Re: [RFC PATCH 2/8] KVM: Add KVM_MAP_MEMORY vcpu ioctl to pre-populate guest memory

From: Isaku Yamahata
Date: Mon Mar 11 2024 - 18:19:47 EST


On Mon, Mar 11, 2024 at 10:23:28AM -0700,
Sean Christopherson <seanjc@xxxxxxxxxx> wrote:

> On Fri, Mar 01, 2024, isaku.yamahata@xxxxxxxxx wrote:
> > diff --git a/virt/kvm/kvm_main.c b/virt/kvm/kvm_main.c
> > index d1fd9cb5d037..d77c9b79d76b 100644
> > --- a/virt/kvm/kvm_main.c
> > +++ b/virt/kvm/kvm_main.c
> > @@ -4419,6 +4419,69 @@ static int kvm_vcpu_ioctl_get_stats_fd(struct kvm_vcpu *vcpu)
> > return fd;
> > }
> >
> > +__weak int kvm_arch_vcpu_pre_map_memory(struct kvm_vcpu *vcpu)
> > +{
> > + return -EOPNOTSUPP;
> > +}
> > +
> > +__weak int kvm_arch_vcpu_map_memory(struct kvm_vcpu *vcpu,
> > + struct kvm_memory_mapping *mapping)
> > +{
> > + return -EOPNOTSUPP;
> > +}
> > +
> > +static int kvm_vcpu_map_memory(struct kvm_vcpu *vcpu,
> > + struct kvm_memory_mapping *mapping)
> > +{
> > + bool added = false;
> > + int idx, r = 0;
>
> Pointless initialization of 'r'.
>
> > +
> > + if (mapping->flags & ~(KVM_MEMORY_MAPPING_FLAG_WRITE |
> > + KVM_MEMORY_MAPPING_FLAG_EXEC |
> > + KVM_MEMORY_MAPPING_FLAG_USER |
> > + KVM_MEMORY_MAPPING_FLAG_PRIVATE))
> > + return -EINVAL;
> > + if ((mapping->flags & KVM_MEMORY_MAPPING_FLAG_PRIVATE) &&
> > + !kvm_arch_has_private_mem(vcpu->kvm))
> > + return -EINVAL;
> > +
> > + /* Sanity check */
>
> Pointless comment.
>
> > + if (!IS_ALIGNED(mapping->source, PAGE_SIZE) ||
> > + !mapping->nr_pages ||
>
> > + mapping->base_gfn + mapping->nr_pages <= mapping->base_gfn)
> > + return -EINVAL;
> > +
> > + vcpu_load(vcpu);
> > + idx = srcu_read_lock(&vcpu->kvm->srcu);
> > + r = kvm_arch_vcpu_pre_map_memory(vcpu);
>
> This hooks is unnecessary, x86's kvm_mmu_reload() is optimized for the happy path
> where the MMU is already loaded.
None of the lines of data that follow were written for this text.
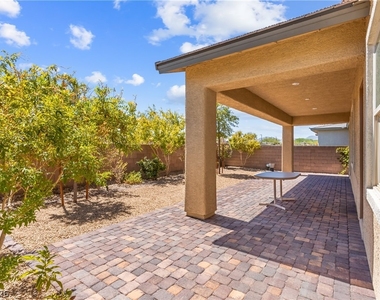 652 Longfeather Street - Photo Thumbnail 36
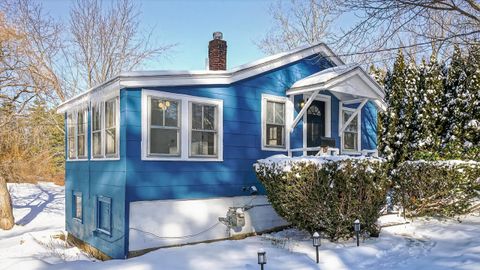 Photo of 1549 Westbrook Street, Portland, ME 04102 (MLS # 1644938)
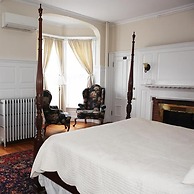 The Salem Inn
Just make the call from kvm_arch_vcpu_map_memory().
>
> > + if (r)
> > + return r;
>
> Which is a good thing, because this leaks the SRCU lock.
>
> > +
> > + while (mapping->nr_pages) {
> > + if (signal_pending(current)) {
> > + r = -ERESTARTSYS;
>
> Why -ERESTARTSYS instead of -EINTR? The latter is KVM's typical response to a
> pending signal.
>
> > + break;
> > + }
> > +
> > + if (need_resched())
>
> No need to manually check need_resched(), the below is a _conditional_ resched.
> The reason KVM explicitly checks need_resched() in MMU flows is because KVM needs
> to drop mmu_lock before rescheduling, i.e. calling cond_resched() directly would
> try to schedule() while holding a spinlock.
>
> > + cond_resched();
> > +
> > + r = kvm_arch_vcpu_map_memory(vcpu, mapping);
> > + if (r)
> > + break;
> > +
> > + added = true;
> > + }
> > +
> > + srcu_read_unlock(&vcpu->kvm->srcu, idx);
> > + vcpu_put(vcpu);
> > +
> > + if (added && mapping->nr_pages > 0)
> > + r = -EAGAIN;
>
> No, this clobbers 'r', which might hold a fatal error code. I don't see any
> reason for common code to ever force -EAGAIN, it can't possibly know if trying
> again is reasonable.

Thanks for review. With those included, the hunk is as follows.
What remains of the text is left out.